Cyclists didn't come home with nothing gained for their efforts however. The final motion the commission made for city council consideration was that the discretionary funding already negotiated in the developer agreement go to immediate bike improvements improving connectivity to the Bergamot villiage district. Commissioner Ted Winterer also supported exploring additional fund allocation to bike connectivity and was the most adamant on the commission in calling for the Agenesy agreement to do more for cycling.

My understanding is that the $75,000 already in the agreement was originally intended for general station improvements in the imediate site of the future expo line stop at Bergamot. Commissioner Perry called that the funding should instead go to immediate bike projects in the area rather than waiting for the expo, and that pending DA agreements between now and expo can be used for station site improvements. He made passing reference to my public speech, in which I at one point referred to bike improvements in Santa Monica as moving at a snails pace.

Councilmen McKeown, who was present as liaison from the council, suggested the commission motion not be overly specific in earmarking funds, so that the council could explore flexibility in defining what bike improvements would be beneficial. So that for example, projects like Barbara's proposed short bike connection on Caltrans property could be considered. That idea, part of her vision for a complete Michigan bike route, would connect the Bergamot side of Michigan Ave and Crossroads School across to 20th st. where Michigan picks up again, without the difficult and heavy traffic Olympic detour. It's not in the immediate vicinity of Bergamot, but would significantly improve bike friendly connectivity to the area.

It was a long night with many twists and turns. There was a few revealing and especially flustered moments by Agensys representatives who clearly didn't understand the whole bike thing when pressed by the commission on questions like secure bike parking for employees. I believe the final motion also included a call for more bike parking consideration, for fully secure employee parking separate from racks near on-site cafe.

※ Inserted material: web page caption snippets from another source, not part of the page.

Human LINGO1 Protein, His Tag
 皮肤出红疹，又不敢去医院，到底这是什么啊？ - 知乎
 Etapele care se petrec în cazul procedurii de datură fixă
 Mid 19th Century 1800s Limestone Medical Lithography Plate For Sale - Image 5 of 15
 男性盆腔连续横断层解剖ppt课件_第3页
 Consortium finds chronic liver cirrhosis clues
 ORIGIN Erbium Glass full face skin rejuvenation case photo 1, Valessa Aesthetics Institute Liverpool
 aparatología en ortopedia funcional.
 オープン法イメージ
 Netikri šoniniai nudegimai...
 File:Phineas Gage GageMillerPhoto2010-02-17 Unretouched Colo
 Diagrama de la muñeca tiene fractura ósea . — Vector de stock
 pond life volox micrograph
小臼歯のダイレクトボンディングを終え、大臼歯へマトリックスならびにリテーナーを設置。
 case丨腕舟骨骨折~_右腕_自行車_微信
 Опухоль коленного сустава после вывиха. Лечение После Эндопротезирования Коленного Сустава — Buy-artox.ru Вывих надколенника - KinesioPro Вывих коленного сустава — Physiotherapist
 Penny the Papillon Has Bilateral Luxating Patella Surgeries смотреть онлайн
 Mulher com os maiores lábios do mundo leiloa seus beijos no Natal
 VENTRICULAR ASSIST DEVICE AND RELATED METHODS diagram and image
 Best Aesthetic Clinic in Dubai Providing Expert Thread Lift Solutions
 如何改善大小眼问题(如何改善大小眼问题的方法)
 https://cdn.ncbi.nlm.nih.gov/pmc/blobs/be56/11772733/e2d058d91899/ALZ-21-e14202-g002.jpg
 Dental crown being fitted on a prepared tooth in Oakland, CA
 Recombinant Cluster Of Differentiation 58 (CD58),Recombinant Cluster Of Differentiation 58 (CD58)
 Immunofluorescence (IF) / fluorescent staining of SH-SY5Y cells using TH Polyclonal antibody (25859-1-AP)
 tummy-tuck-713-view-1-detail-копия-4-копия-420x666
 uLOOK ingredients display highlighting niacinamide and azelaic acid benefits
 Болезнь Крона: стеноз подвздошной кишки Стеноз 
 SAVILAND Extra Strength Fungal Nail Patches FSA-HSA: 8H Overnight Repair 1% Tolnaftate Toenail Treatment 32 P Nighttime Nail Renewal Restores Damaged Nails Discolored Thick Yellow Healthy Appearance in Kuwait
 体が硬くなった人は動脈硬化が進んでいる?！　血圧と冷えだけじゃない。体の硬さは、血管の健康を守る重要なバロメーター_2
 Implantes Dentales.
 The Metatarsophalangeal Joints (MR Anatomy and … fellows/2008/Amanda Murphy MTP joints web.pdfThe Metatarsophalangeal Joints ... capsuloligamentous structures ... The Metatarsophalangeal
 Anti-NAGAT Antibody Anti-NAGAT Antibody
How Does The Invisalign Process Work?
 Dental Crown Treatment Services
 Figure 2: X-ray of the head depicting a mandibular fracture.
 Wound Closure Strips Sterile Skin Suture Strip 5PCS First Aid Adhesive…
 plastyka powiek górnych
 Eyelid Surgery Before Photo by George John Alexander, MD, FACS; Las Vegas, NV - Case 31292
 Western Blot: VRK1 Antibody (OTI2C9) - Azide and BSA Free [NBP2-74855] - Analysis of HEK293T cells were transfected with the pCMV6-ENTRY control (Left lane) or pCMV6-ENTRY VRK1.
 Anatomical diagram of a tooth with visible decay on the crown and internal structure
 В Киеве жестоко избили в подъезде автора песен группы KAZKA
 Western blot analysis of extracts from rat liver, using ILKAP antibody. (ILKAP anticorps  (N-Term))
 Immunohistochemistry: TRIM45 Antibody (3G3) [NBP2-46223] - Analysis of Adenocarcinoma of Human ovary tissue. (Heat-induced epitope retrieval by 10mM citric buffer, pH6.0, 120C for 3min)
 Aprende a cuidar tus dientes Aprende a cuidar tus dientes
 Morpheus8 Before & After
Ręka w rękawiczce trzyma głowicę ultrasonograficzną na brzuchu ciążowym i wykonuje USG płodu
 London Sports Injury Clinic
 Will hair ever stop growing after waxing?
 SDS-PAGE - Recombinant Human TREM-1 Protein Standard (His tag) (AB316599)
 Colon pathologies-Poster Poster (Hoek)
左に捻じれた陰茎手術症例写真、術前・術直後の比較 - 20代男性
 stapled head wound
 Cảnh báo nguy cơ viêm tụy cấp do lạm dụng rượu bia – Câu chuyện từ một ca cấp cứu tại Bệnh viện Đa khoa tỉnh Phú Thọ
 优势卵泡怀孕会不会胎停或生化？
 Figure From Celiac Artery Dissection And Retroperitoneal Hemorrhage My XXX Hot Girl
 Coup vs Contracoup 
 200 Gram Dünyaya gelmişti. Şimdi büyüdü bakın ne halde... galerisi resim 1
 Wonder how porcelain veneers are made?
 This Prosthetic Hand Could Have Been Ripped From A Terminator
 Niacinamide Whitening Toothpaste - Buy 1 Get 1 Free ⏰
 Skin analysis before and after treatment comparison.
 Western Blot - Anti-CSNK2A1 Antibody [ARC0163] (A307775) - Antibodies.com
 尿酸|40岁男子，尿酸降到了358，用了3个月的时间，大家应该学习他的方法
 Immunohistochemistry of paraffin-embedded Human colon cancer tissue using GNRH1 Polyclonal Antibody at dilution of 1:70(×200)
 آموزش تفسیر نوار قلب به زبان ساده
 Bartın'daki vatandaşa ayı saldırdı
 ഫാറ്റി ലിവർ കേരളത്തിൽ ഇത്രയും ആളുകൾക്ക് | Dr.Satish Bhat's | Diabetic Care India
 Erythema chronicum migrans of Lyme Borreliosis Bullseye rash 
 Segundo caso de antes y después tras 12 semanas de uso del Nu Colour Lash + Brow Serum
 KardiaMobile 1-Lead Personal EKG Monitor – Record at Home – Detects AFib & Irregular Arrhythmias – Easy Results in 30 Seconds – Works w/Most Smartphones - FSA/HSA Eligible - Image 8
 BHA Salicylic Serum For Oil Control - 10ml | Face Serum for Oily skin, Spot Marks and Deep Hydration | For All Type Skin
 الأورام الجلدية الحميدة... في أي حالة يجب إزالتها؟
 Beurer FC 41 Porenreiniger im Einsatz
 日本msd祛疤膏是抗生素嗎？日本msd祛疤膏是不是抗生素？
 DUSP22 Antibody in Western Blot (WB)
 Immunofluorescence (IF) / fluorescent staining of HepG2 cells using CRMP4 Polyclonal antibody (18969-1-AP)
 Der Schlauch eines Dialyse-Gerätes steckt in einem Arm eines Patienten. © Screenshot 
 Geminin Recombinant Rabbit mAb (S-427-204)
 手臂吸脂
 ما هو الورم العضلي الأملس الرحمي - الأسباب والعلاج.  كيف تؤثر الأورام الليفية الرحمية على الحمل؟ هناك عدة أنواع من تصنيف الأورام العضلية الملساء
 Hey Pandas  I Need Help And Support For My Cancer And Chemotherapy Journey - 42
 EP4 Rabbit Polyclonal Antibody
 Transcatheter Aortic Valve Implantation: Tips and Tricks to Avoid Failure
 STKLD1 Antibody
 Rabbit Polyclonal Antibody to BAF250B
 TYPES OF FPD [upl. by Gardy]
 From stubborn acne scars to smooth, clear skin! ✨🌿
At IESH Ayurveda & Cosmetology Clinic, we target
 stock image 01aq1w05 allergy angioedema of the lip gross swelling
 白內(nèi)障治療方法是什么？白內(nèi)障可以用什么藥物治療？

It also seems clear to me there is a disconnect between Traffic Demand Management goals set by city staff, of which there are requirements in Santa Monica developments, and the fact that bicycling can and should be a central part of reaching those goals. Safer bike connectivity being a clear way to boost ridership, and bike facilities on site should be a consideration beyond just sticking a few racks out front. Not everyone is going to take the trains and buses to work, especially if they already live in Santa Monica or immediately adjacent areas. I know at my work site, just North of this project, where we also have a parking cash-out program in effect, the majority of those cashing out are not on the bus, they are on bikes.

Ultimately the outcome rests with the council, which meets next on September 14th to discuss the project. The planning commission recommendations factor heavily in council deliberation however, which is why we wanted to really make our case on Wednesday.

I have a lot more I want to write about the proceedings, but alas it is another well past midnight staring me in the face, and sleep is beckoning.